The Beemans are having marital struggles of their own, though we largely only see it from Stan’s point of view. With the new safe house / love shack that the bureau has set up for him to meet with Nina, the two resume their affair, but Stan is now wary of Nina’s motivations for sleeping with him. Like with Vasilli, she could well be using him and playing into his needs to get what she wants — as long as he has real feelings for her beyond the job, she knows he’ll keep her safe. I worry for Nina’s future, and when Arkady questioned her about smuggling goods to sell back in Russia I thought she was done for. Turns out, it was just a test to see if she was ready for a promotion, but I still am not sure that she will last the season (though I hope so!)
“Mutually Assured Destruction” set up an interesting arc for Stan and the Jennings through the back part of the season, but it also confirmed that this pervasive feeling of suspicion and frustration was just a part of the political culture of the time, and we won’t be escaping it anytime soon. The Americans can be difficult sometimes because of that damp cloud that seems to hang over everything, but there’s still something intriguing that makes one want to just check in next week to see how things are going.
Episode Rating: B+
- Wasn’t a key part of Philip’s liaison with Irina to show that she had recently had sex? Which the police then interpreted (along with her bruising) as being forced / rape? Yes Irina was “different” than the usual carousel of people the Jennings sleep with for work, but still.
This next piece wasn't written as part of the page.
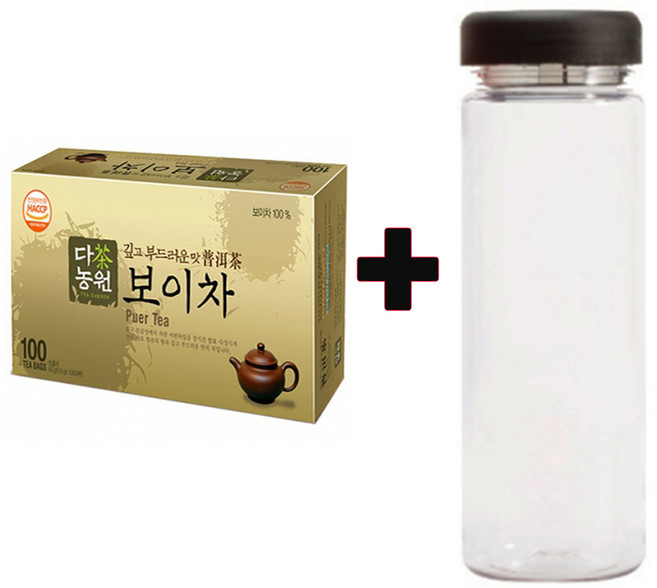 다농원 보이차 100T+워터보틀, 1개, 1개, 600mg, 100개입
- D’aww, old people holding hands. I’m glad they didn’t get blown up.
- Wow FX, you went full on ass ‘n titties with that bedroom scene with the FBI agent and the prostitute. I am not complaining, though.
- There was a lot of sex in this episode, come to think of it. Carry on.
- The Lana kid with the assault rifle was kinda funny, but really fucked up when you think about it.
- Elizabeth and Philip sure do talk loudly in the kitchen about things, don’t they? I know occasionally they flip on the radio, but still.
- Little bit of commentary there I think with Philip telling Martha about how the information is all there, the agencies just don’t share it with each other because each wants to be a hero …
- “Your marriage is not real.” – Granny Claudia. Damnit, Granny Claudia!